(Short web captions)
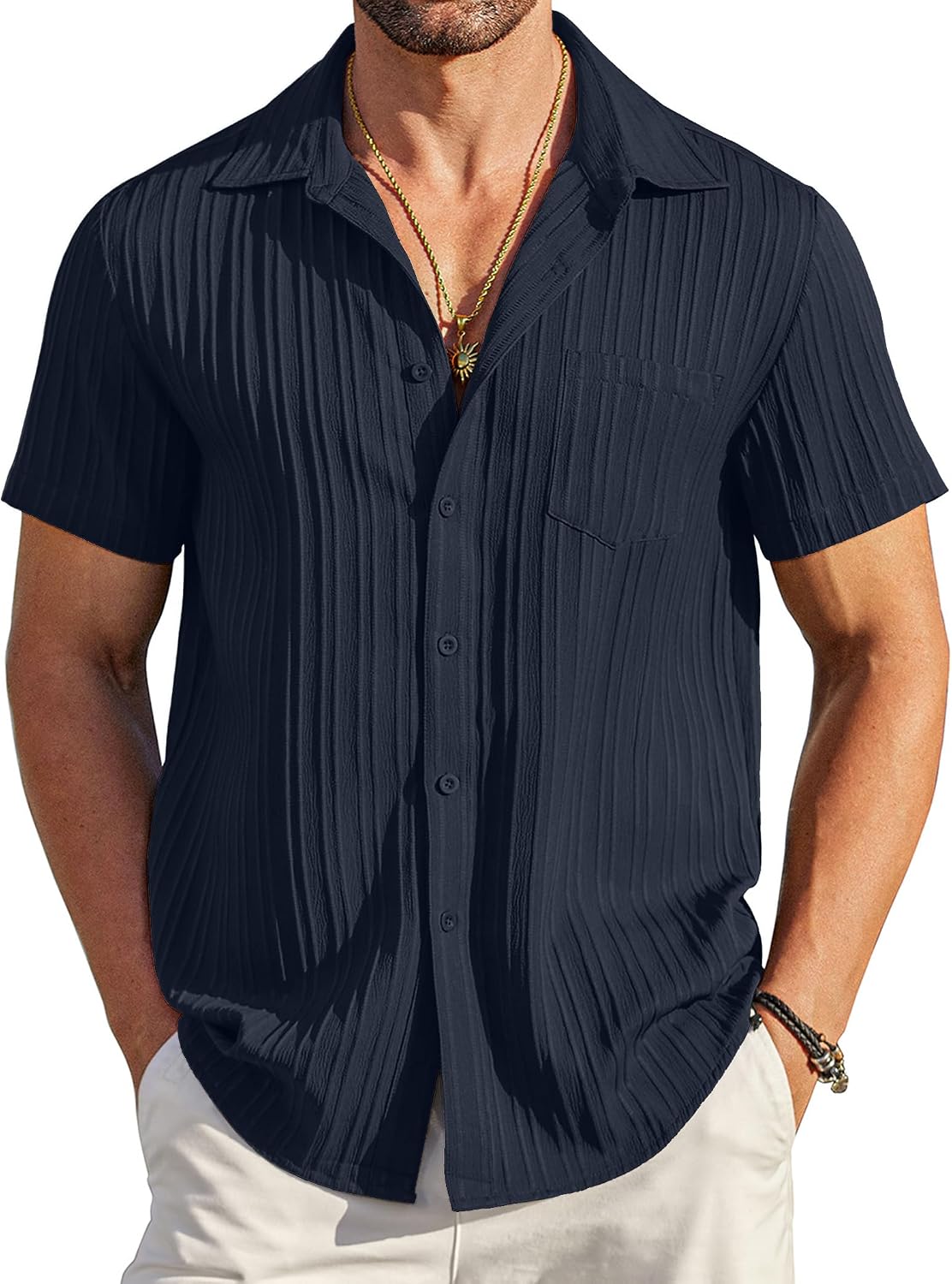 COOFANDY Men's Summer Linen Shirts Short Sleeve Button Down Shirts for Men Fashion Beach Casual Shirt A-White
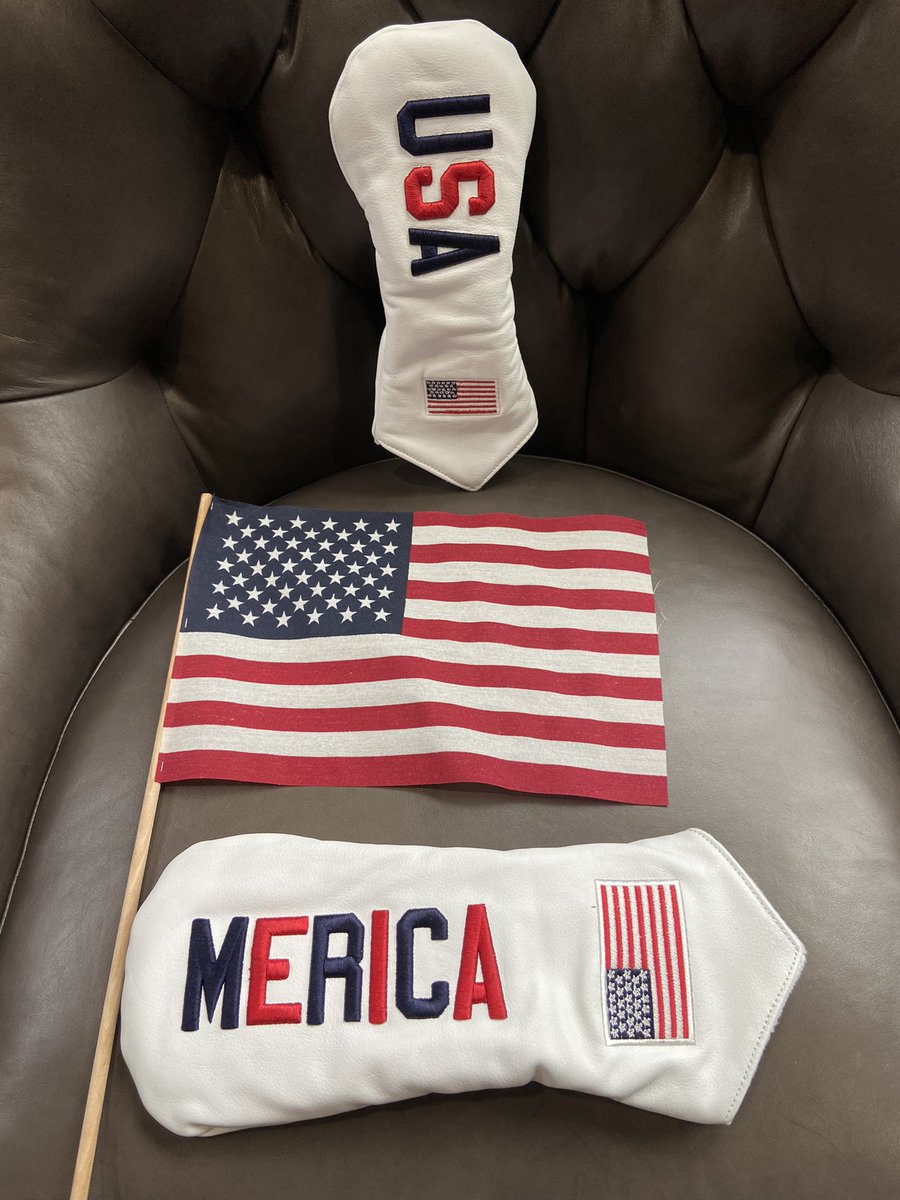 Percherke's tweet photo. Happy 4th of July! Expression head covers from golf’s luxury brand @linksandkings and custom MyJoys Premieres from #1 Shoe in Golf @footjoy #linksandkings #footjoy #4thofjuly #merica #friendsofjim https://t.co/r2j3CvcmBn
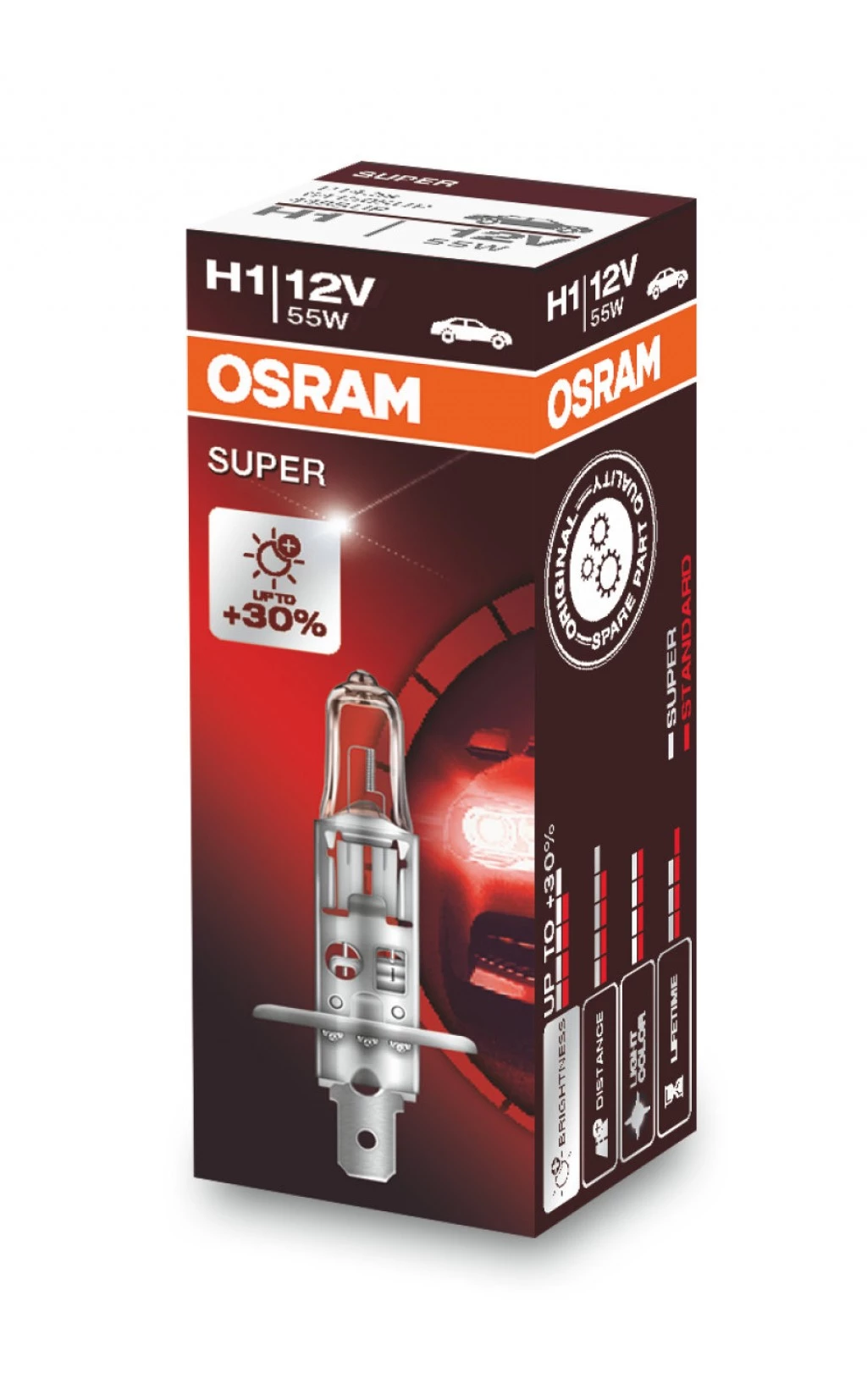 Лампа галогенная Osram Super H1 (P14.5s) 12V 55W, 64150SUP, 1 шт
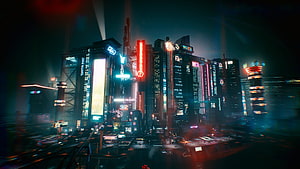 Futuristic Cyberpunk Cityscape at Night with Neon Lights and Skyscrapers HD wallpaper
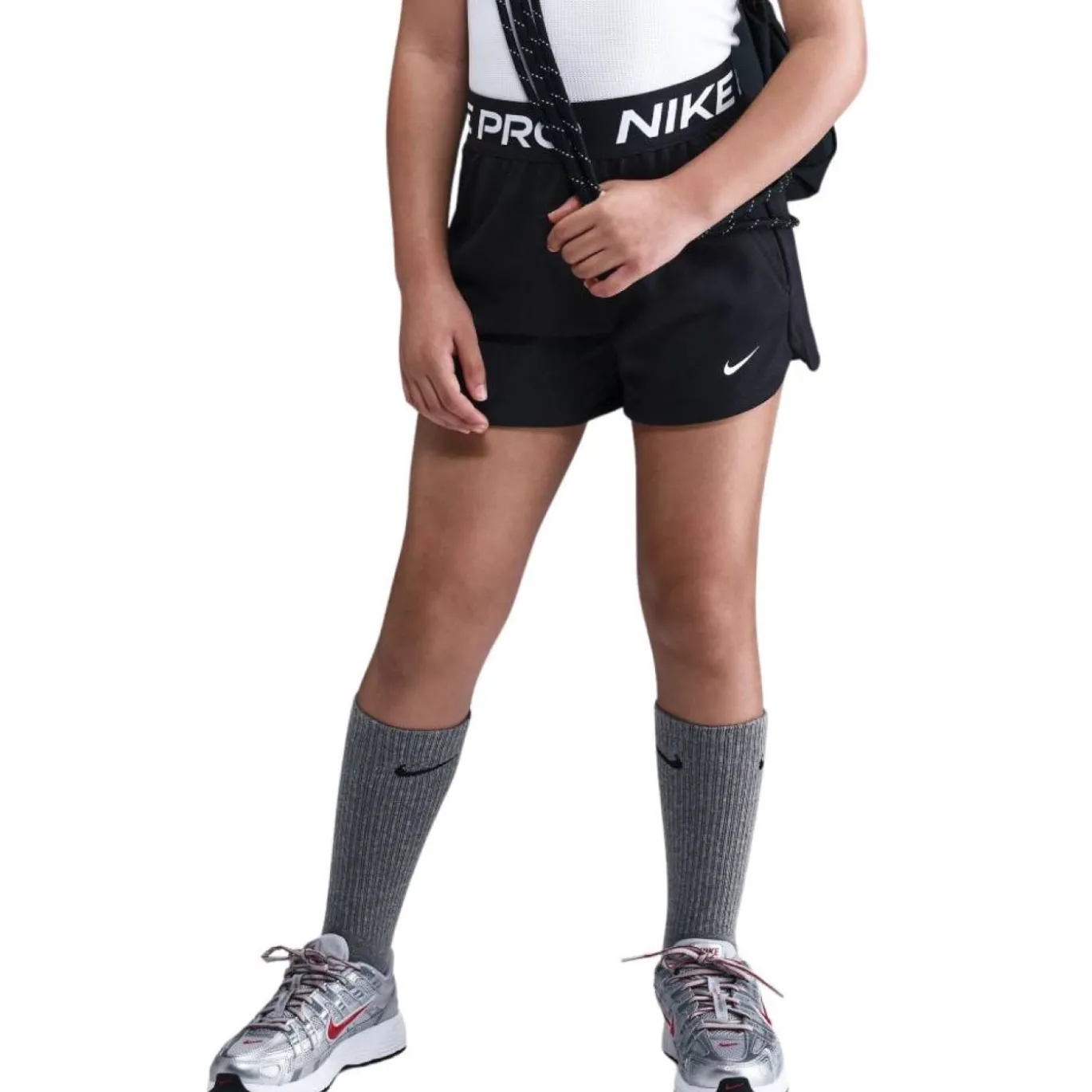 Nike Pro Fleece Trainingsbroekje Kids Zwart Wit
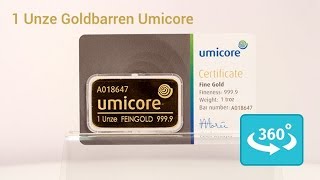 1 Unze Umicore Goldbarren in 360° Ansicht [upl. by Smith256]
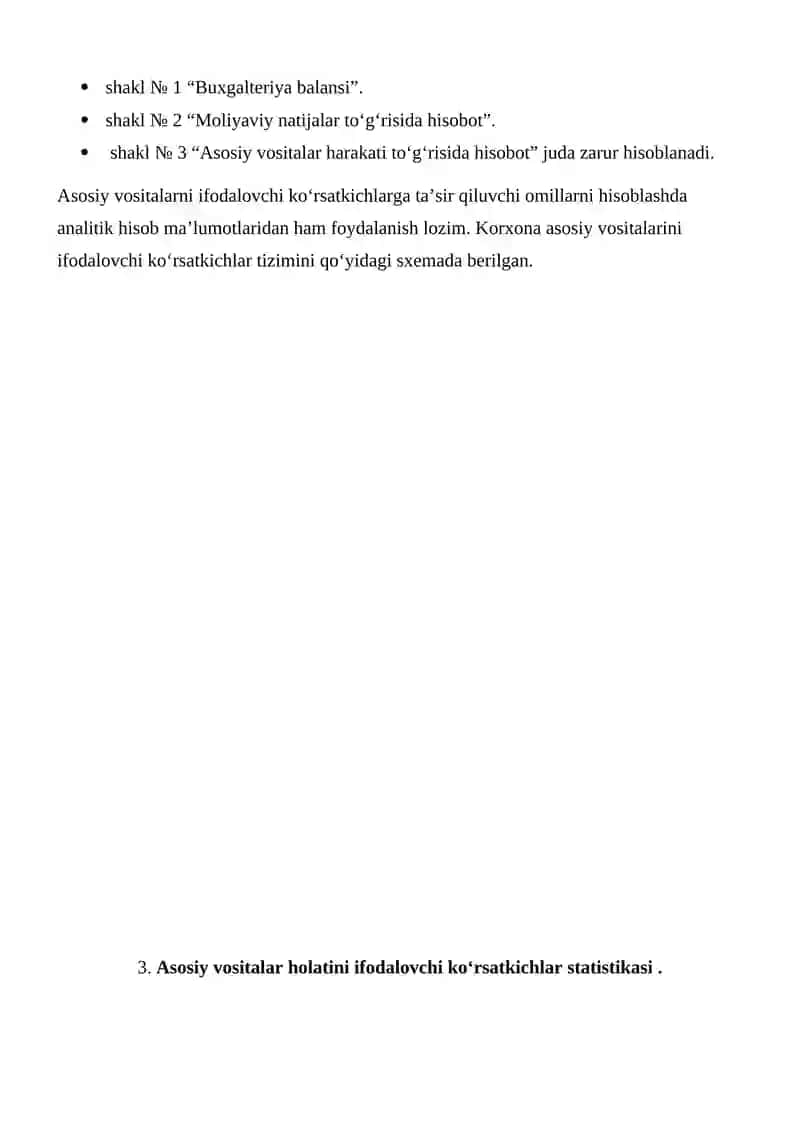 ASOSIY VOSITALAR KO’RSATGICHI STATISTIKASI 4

> **Work to complete**
This exercise asks for an exact copy of the lines from the first one in the data through the line that contains "Futuristic Cyberpunk Cityscape", pictures excluded.

> **Output below**
 COOFANDY Men's Summer Linen Shirts Short Sleeve Button Down Shirts for Men Fashion Beach Casual Shirt A-White
 Percherke's tweet photo. Happy 4th of July! Expression head covers from golf’s luxury brand @linksandkings and custom MyJoys Premieres from #1 Shoe in Golf @footjoy #linksandkings #footjoy #4thofjuly #merica #friendsofjim https://t.co/r2j3CvcmBn
 Лампа галогенная Osram Super H1 (P14.5s) 12V 55W, 64150SUP, 1 шт
 Futuristic Cyberpunk Cityscape at Night with Neon Lights and Skyscrapers HD wallpaper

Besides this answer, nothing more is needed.